Europe & International
In the mid-1990's, CEN, the European Committee for Standardization, published a standard called EN 954-1 – Safety of Machinery - Safety Related Parts of Control Systems - Part 1: General Principles for Design. The scope of this this standard dealt primarily with hard-wired controls, and touched briefly on the idea of programmable electronic controls. This standard introduced the idea that the reliability of the safety-related parts of the control system should be driven by the risk reduction requirements of the application.
EN 954-1 also introduced the concepts of reliability categories - the now familiar Category B, 1, 2, 3 and 4. These categories and the related circuit architecture should be a basic part of your circuit design library. If these categories aren't already part of your circuit design library, we need to talk!
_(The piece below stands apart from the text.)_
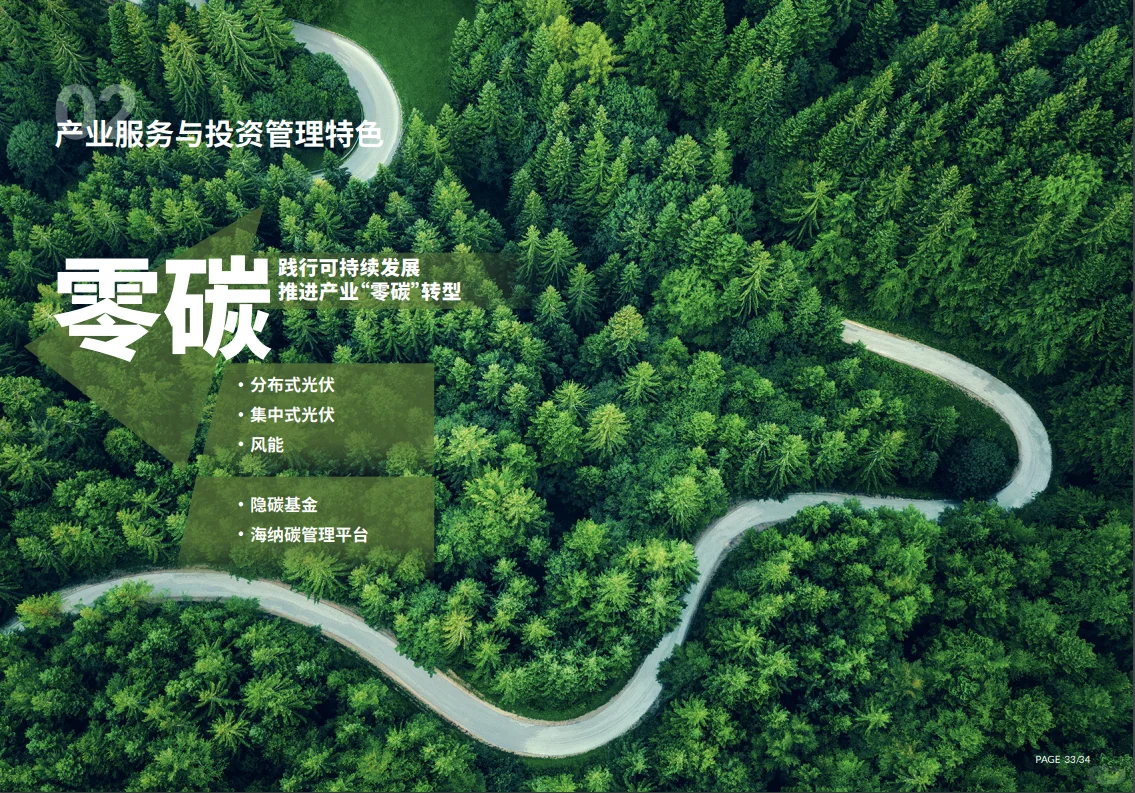 2025年中国企业ESG可持续发展十大趋势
During the period that EN 954-1 became commonly known, the IEC introduced a new standard that dealt specifically with the reliability requirements of programmable electric and electronic systems, IEC 61508. This multi-part standard brought in a new set of categories, or more properly, Safety Integrity Levels (SILs). There are four SIL levels, SIL 1 to SIL 4, that are based on failure rates as opposed to circuit architectures. This standard brought the idea of Functional Safety into the standards world, but it also introduced a lot of confusion for machine builders.
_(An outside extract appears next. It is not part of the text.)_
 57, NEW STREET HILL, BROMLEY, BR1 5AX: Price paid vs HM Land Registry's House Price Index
In an effort to address the specific needs of machine builders using programmable equipment in their safety systems, IEC developed a product family standard, IEC 62061 – Safety of machinery – Functional safety of safety-related electrical, electronic and programmable electronic control systems. This standard is built on the foundation created by the IEC 61508 family.
Development on EN 954-1 became an ISO project and the standard was renumbered as ISO 13849-1. Two other documents were also included, ISO 13849-2 – Validation, which was never published as a full CENELEC standard, and ISO/TR 13849-100, a Technical Report developed by the US TAG to ISO TC 199 that provides some excellent guidance on the application of the standard.
In 2006 a new edition of ISO 13849-1 was published, and again, this one threatens to give machine builders some significant headaches. The standard introduces the idea of Performance Levels, or PL. There are five Performance Levels, PLa through PLe. The performance levels are increasingly more reliable as you go from PLa to e, and are based on failure rates similar to those found in IEC 61508. The standard keeps the familiar Category B through 4 architectures and adds additional factors.
As of 28-December-2009, EN 954-1 has another two-years to run before it no longer provides a presumption of conformity in the EU under the Machinery Directive. EN ISO 13849-1 and EN IEC 62061 are set to replace EN 954-1 on 29-Dec-2012. As a machine designer and bullder you need to be ready.